Captioned web image data:
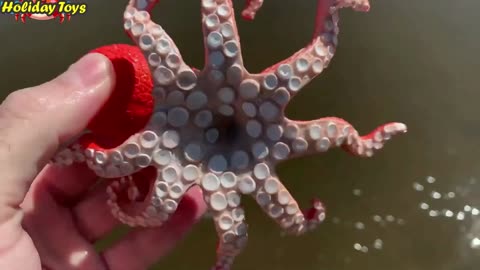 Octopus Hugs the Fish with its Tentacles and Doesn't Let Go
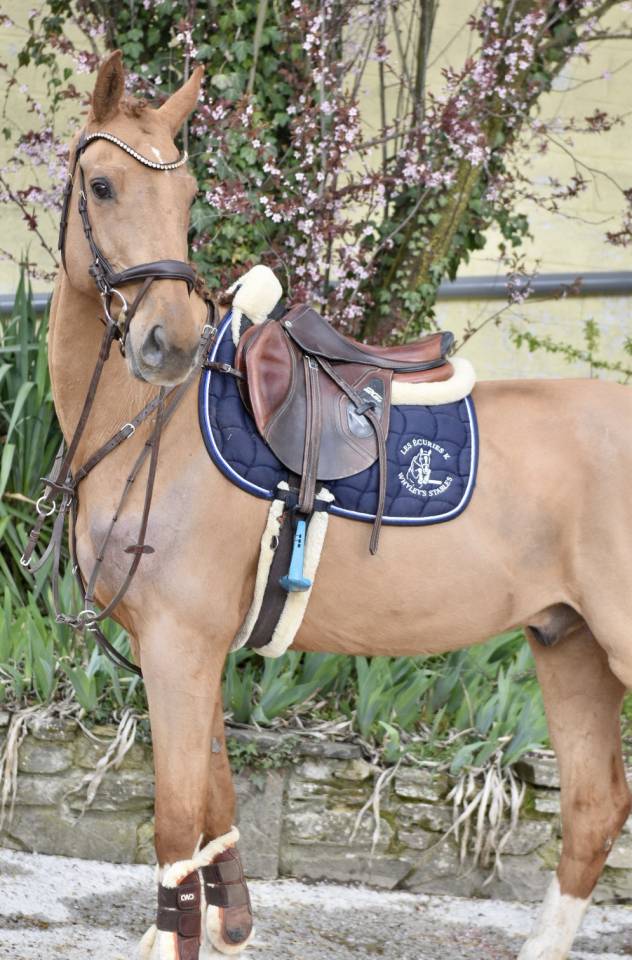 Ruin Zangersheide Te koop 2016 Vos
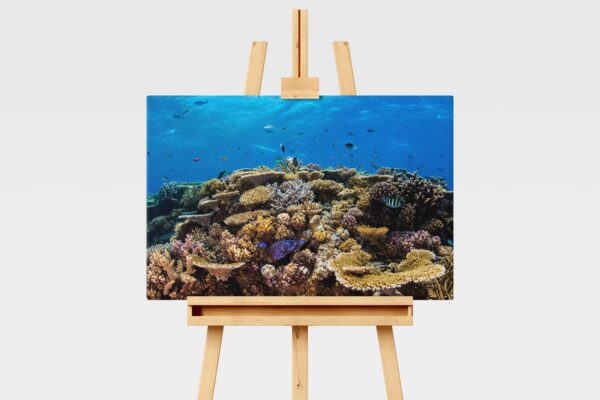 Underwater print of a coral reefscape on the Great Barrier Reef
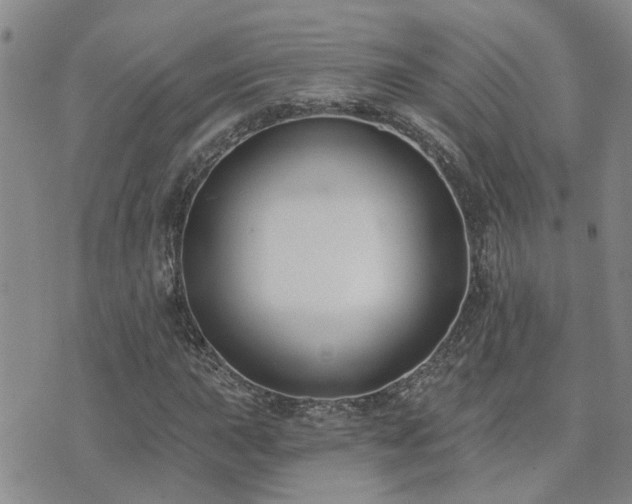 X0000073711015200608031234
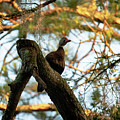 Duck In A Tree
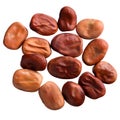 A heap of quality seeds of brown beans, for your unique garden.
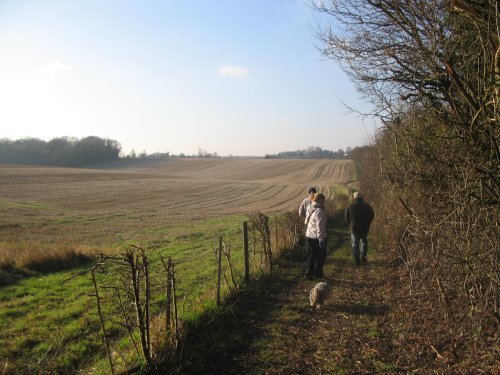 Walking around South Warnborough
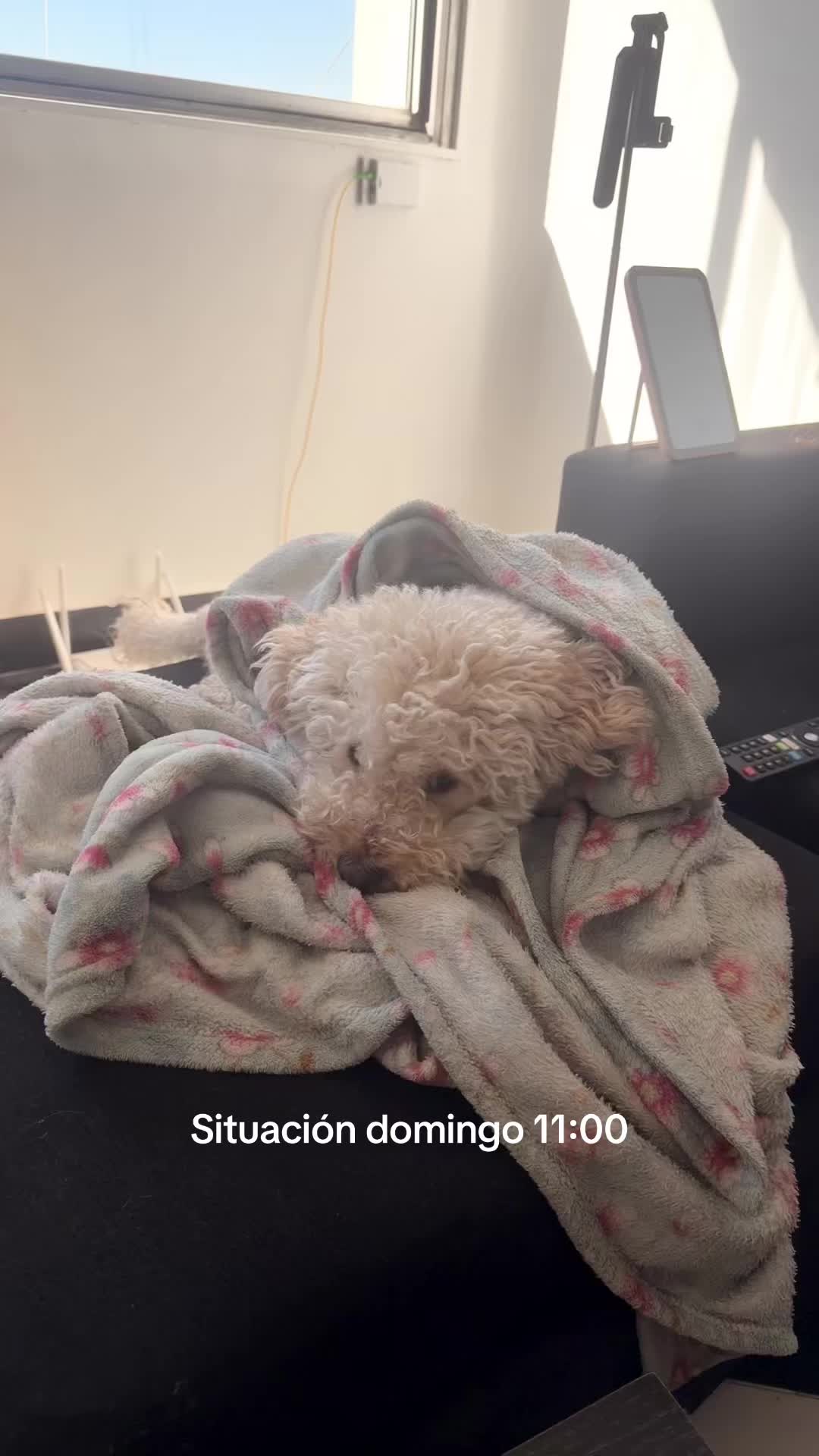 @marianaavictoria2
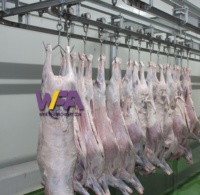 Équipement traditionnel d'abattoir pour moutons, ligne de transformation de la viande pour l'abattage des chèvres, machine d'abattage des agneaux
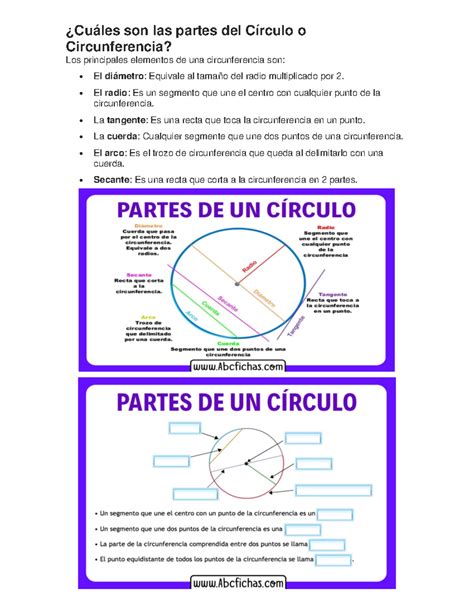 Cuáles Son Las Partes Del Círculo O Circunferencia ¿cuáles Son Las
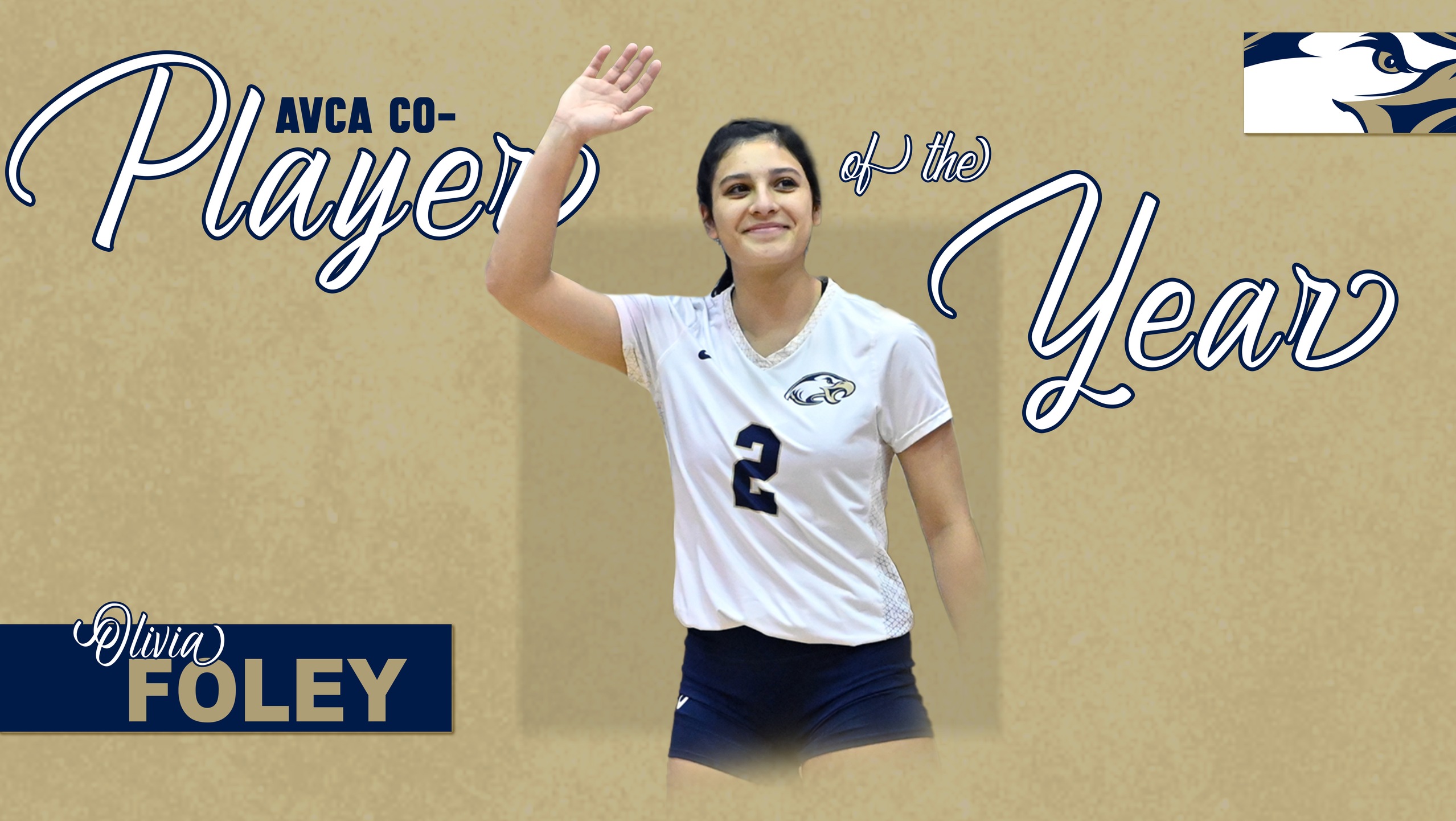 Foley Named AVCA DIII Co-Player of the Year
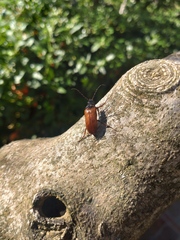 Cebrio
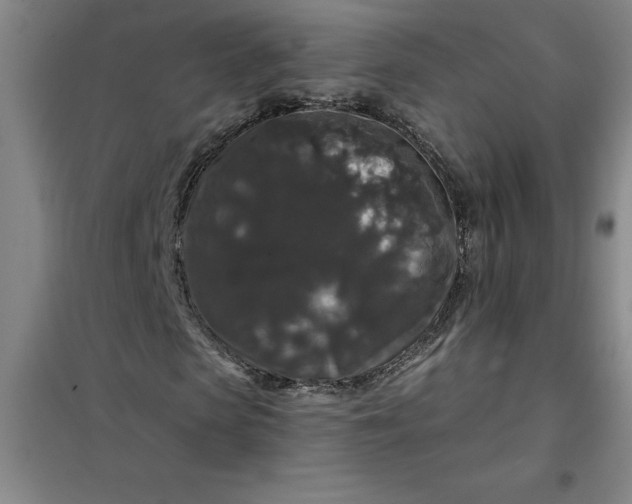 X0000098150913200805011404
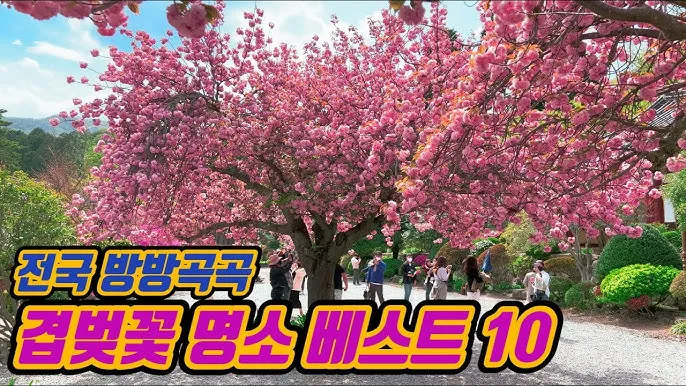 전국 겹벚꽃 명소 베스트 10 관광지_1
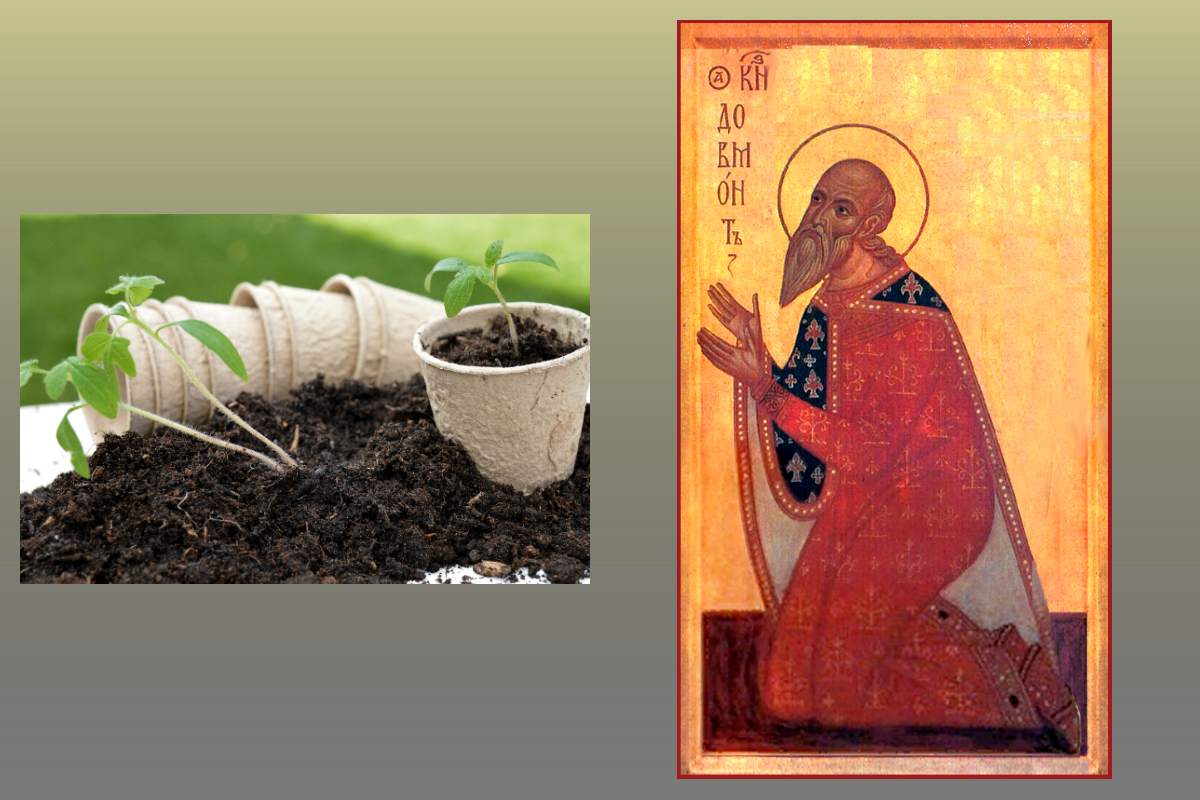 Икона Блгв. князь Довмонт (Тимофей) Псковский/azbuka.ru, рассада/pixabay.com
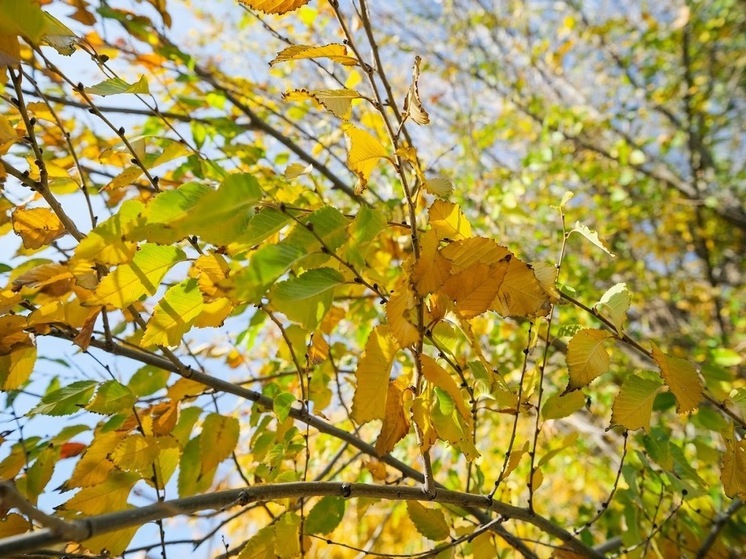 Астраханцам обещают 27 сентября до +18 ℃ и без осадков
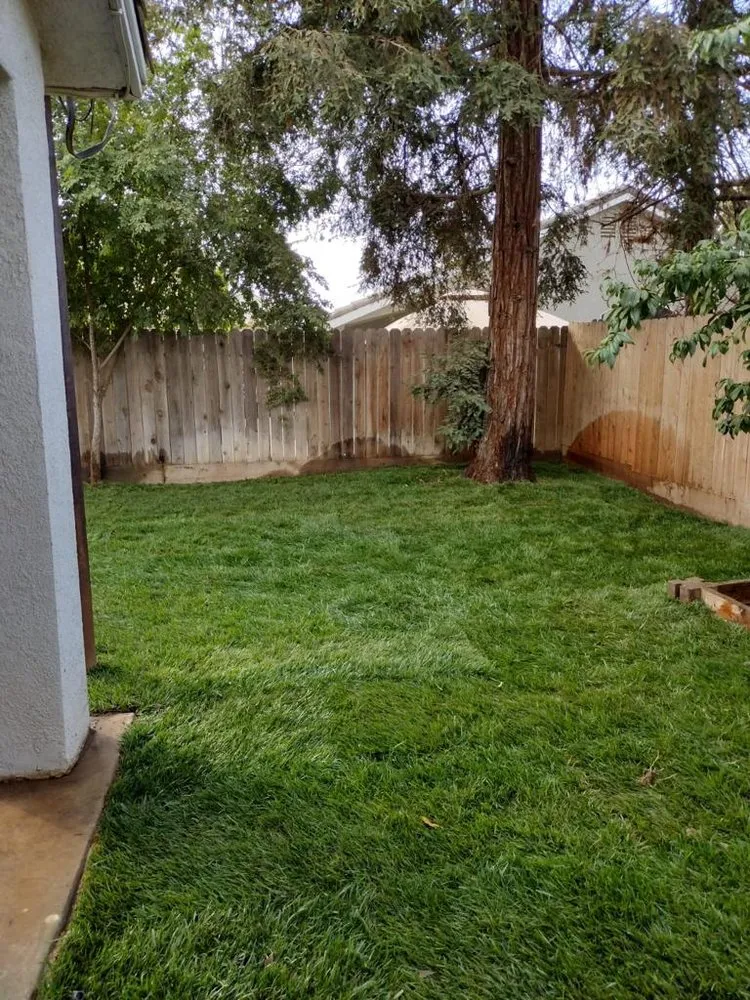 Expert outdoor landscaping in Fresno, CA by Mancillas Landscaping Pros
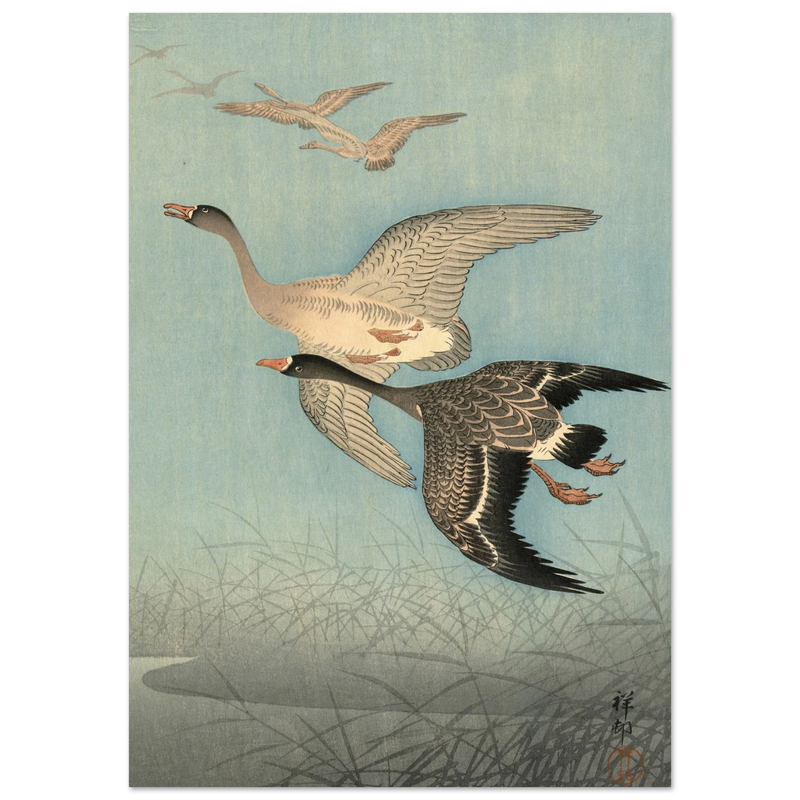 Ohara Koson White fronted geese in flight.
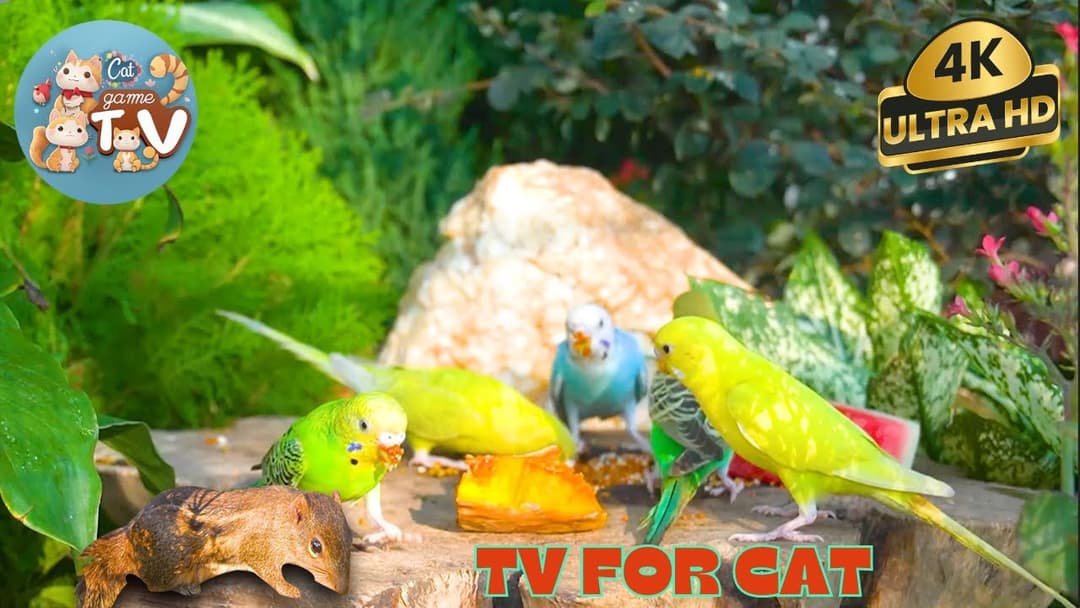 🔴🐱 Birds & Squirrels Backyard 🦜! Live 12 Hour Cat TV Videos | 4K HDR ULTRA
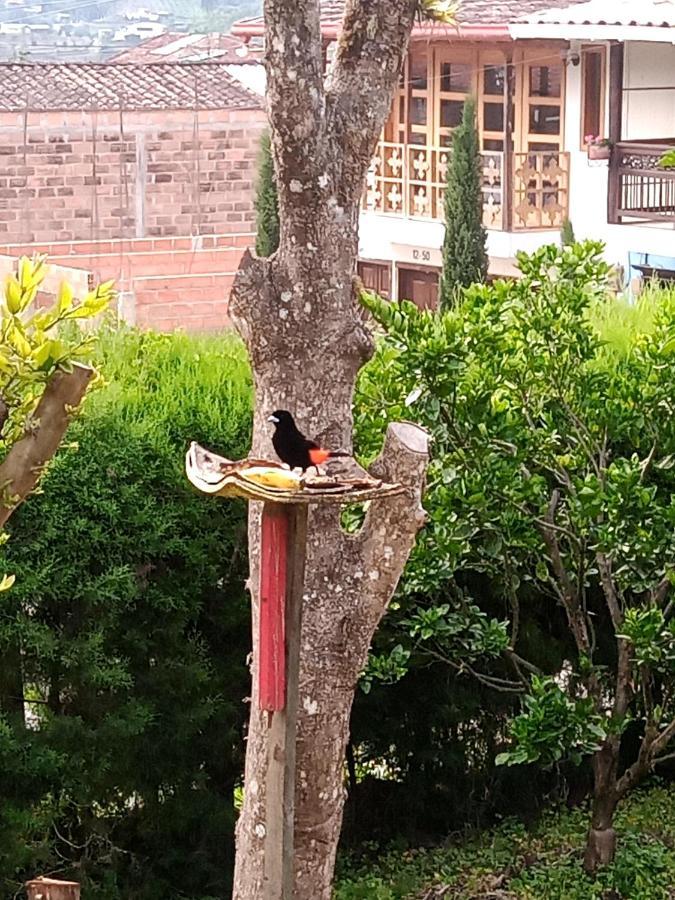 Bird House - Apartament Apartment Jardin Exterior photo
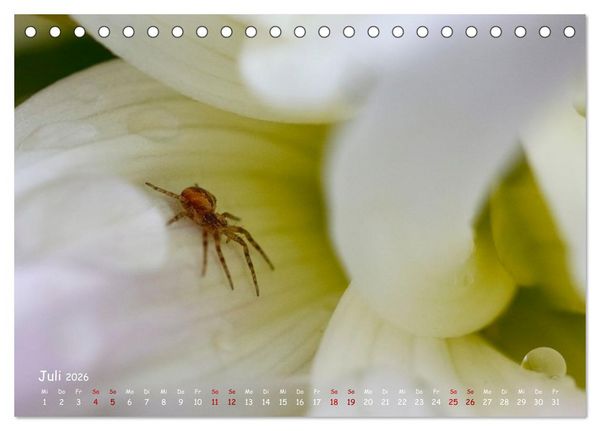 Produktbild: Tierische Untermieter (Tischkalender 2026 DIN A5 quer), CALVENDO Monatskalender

Exercise instructions: Do not include pictures. Copy only the lines running from the line with "Underwater print of" through the last line of the records, exactly as they appear.

Result of the task:
 Underwater print of a coral reefscape on the Great Barrier Reef
 X0000073711015200608031234
 Duck In A Tree
 A heap of quality seeds of brown beans, for your unique garden.
 Walking around South Warnborough
 @marianaavictoria2
 Équipement traditionnel d'abattoir pour moutons, ligne de transformation de la viande pour l'abattage des chèvres, machine d'abattage des agneaux
 Cuáles Son Las Partes Del Círculo O Circunferencia ¿cuáles Son Las
 Foley Named AVCA DIII Co-Player of the Year
 Cebrio
 X0000098150913200805011404
 전국 겹벚꽃 명소 베스트 10 관광지_1
 Икона Блгв. князь Довмонт (Тимофей) Псковский/azbuka.ru, рассада/pixabay.com
 Астраханцам обещают 27 сентября до +18 ℃ и без осадков
 Expert outdoor landscaping in Fresno, CA by Mancillas Landscaping Pros
 Ohara Koson White fronted geese in flight.
 🔴🐱 Birds & Squirrels Backyard 🦜! Live 12 Hour Cat TV Videos | 4K HDR ULTRA
 Bird House - Apartament Apartment Jardin Exterior photo
 Produktbild: Tierische Untermieter (Tischkalender 2026 DIN A5 quer), CALVENDO Monatskalender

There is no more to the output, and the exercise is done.